American media conglomerate, Cox Media Group disclose ransomware attack.

On Friday 8^th of October 2021, Cox Media Group, an American media conglomerate disclosed that they experienced a ransomware attack that led to TV and radio broadcast streams to be taken down in June of 2021. The attack disclosed to the public via mail that was sent to over 800 individuals who have had their personal information exposed during the incident.

“On June 3, 2021, CMG experienced a ransomware incident in which a small percentage of servers in its network were encrypted by a malicious threat actor,” Cox Media Group stated.

Cox Media Group discovered the attack when they found they could access files that had been encrypted. This led to them immediately taking down their system and reporting the incident to FBI before they went onto investigating the incident. They discovered evidence that the threat actors had been harvesting person information that was stored on the compromised system but no evidence was found to proof that the data had been successful exfiltrate out of the Cox Media Group’s network.

No evidence of identity theft, fraud, or financial losses has been found since the incident in June.
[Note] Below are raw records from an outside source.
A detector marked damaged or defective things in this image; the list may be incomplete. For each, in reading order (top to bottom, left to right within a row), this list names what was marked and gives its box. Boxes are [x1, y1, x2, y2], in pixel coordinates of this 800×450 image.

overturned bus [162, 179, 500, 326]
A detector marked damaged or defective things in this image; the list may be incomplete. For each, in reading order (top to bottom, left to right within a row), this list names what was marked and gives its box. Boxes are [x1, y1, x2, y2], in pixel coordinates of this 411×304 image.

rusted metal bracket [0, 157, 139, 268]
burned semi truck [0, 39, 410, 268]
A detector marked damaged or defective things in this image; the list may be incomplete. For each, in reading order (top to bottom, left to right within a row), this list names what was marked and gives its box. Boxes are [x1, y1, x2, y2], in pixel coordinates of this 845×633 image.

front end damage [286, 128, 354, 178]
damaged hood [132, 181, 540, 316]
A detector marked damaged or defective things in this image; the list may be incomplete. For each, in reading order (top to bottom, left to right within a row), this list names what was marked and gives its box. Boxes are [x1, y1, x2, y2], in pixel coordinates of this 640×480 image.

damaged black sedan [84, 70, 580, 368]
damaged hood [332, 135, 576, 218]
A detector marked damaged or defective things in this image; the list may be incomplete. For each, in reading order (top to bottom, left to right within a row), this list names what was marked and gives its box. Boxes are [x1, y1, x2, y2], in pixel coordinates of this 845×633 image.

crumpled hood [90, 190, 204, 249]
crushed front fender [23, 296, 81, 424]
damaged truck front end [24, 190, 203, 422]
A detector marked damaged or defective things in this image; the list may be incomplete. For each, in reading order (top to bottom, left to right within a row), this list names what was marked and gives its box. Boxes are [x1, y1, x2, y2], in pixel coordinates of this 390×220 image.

Personal information that was exposed during the attack includes names, addresses, Social Security numbers, financial account numbers, health insurance information, health insurance policy numbers, medical condition information, medical diagnosis information, and online user credentials, that had stored for human resource management purposes.

No ransom paid

“CMG did not pay a ransom or provide any funds to the threat actor because of this incident. There has been no observed malicious activity in CMG’s environment since June 3, 2021,” CMG declared.

The company also stated they have taken several steps to improve its systems’ security since the incident to detect and block avoid further breach attempts which includes multi-factor authentication protocols, performing an enterprise-wide password reset, deploying additional endpoint detection software, reimaging all end user devices, and rebuilding clean networks.